Contos 2
Nova Iguaçu, quatro horas da tarde, sábado de sol. Dois times suam a alma numa pelada barulhenta; o campo em que correm os dois times abre-se como um clarão de barro vermelho cercado por uma ponte velha, um matagal e uma chácara silenciosa, de muros altos. A bola, das brancas, é nova e rola como um presente a encher o vazio de vidas tão humildes que, formalmente divididas, na verdade, juntam-se para conquistar a liberdade na abstração de uma vitória. Um chute errado manda a bola pelos ares, lá nos limites da chácara, de onde é devolvida, sem demora, por um arremesso misterioso. Alguns minutos mais tarde, outra vez a bola foi cair nos terrenos da chácara, de onde voltou lançada com as duas mãos por um velhinho com jeito de caseiro. Na terceira. A bola ficou por lá; ou melhor, veio, mas cinco minutos depois, embaixo do braço de um homem gordo, cabeludo, vestido numa calça de pijama e nu da cintura para cima. Era o dono da chácara. A rapaziada, meio assustada, ficou na defensiva, olhando: ele entrou, foi andando para o centro do campo, pôs a bola no chão e, quando os dois times ameaçavam agradecer, com palmas e risos, o gesto do vizinho generoso, o homem tirou da cintura um revólver e disparou seis tiros na bola. No campo, invadido pela sombra da morte, só ficou a bola, murcha.

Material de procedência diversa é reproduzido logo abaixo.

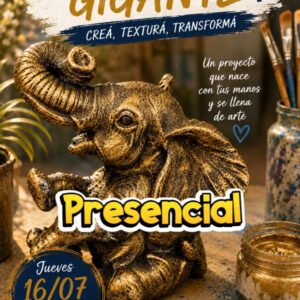 ADORNO DECORATIVO- ELEFANTE GIGANTE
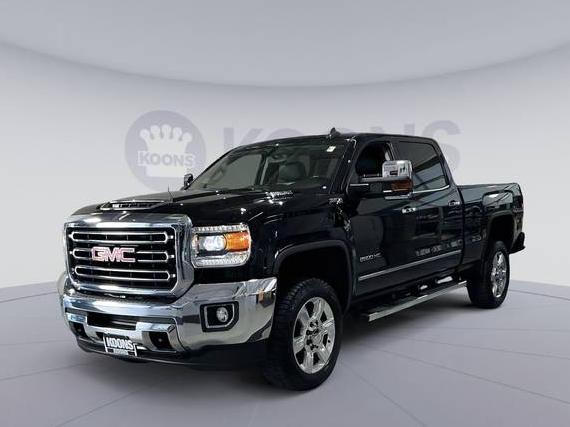GMC SIERRA HD 2019 1GT12REY0KF276583 image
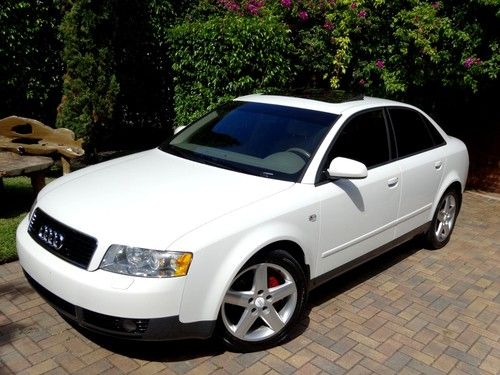 2003 audi a4 quattro sedan 4-door 1.8 turbo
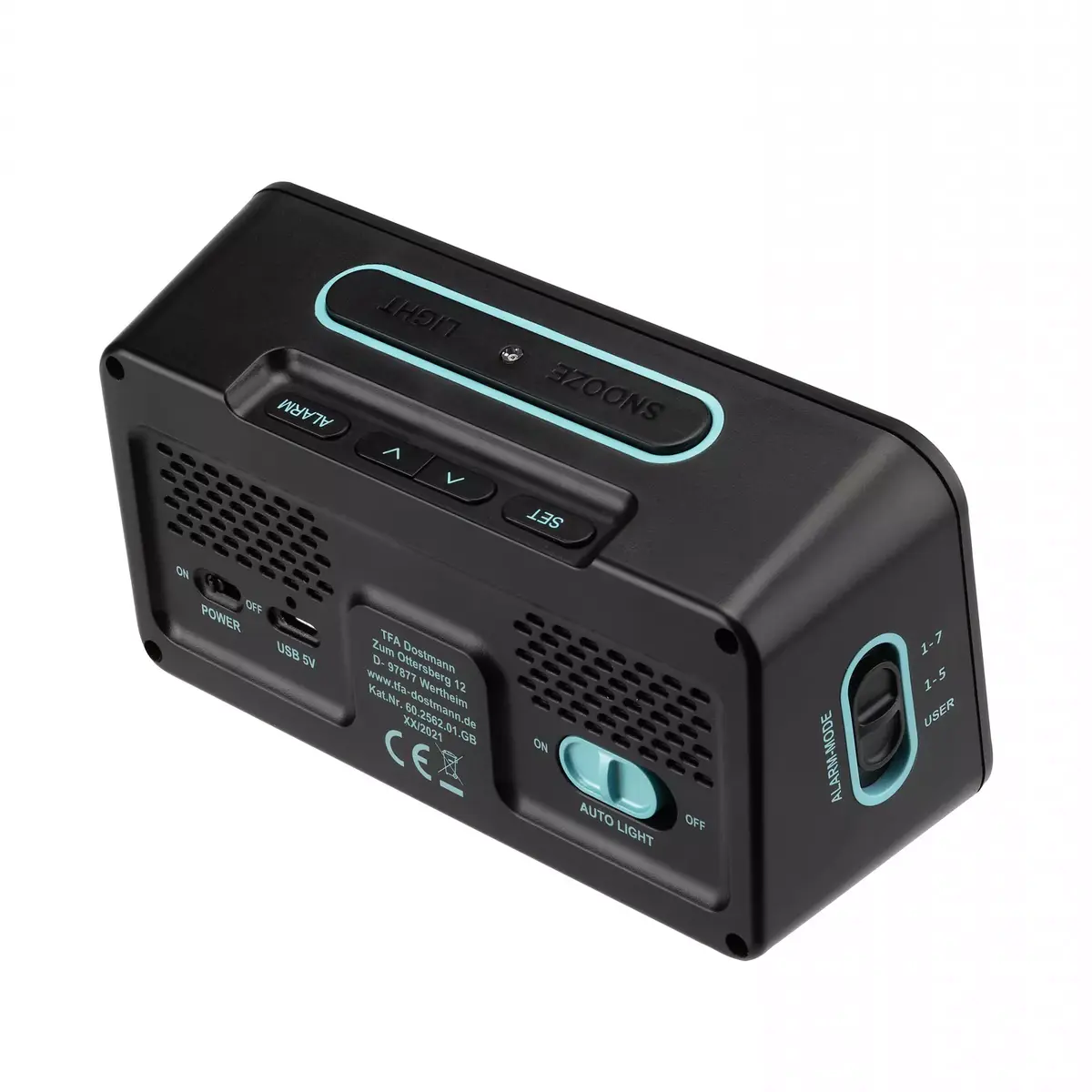 Цифровые будильник TFA-Dostmann Boxx2 Photo 3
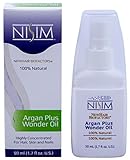 NISIM Argan Plus Wonder Oil - Multi-Purpose Oil Treatment For Hair, Nail & Skin (1.7 Ounce / 50 Milliliter)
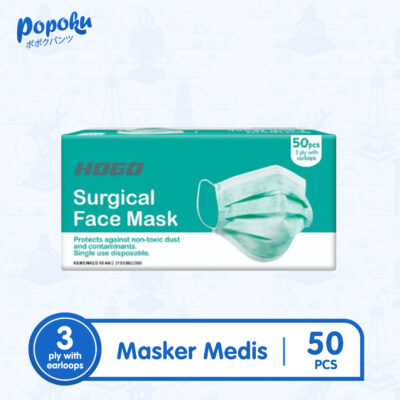 Masker Medis Merek HOGO isi 50 pcs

Armando Nogueira. O melhor da crônica brasileira.
Rio de Janeiro, José Olympio, 1979.
Interpretação
1. Quem é o narrador dessa história? Ele é um narrador de primeira ou terceira pessoa?
2. Quais são os personagens que participam da narrativa nesse primeiro parágrafo do texto?
3. Que trecho do texto mostra a ação dos personagens no 1º parágrafo?
4. Essa ação está localizada no tempo e no espaço? Justifique sua resposta com apoio no texto.
5. Você certamente deve conhecer a expressão suar a camisa, mas o cronista altera aqui para suar a alma. Com que possível intenção ele faz isso?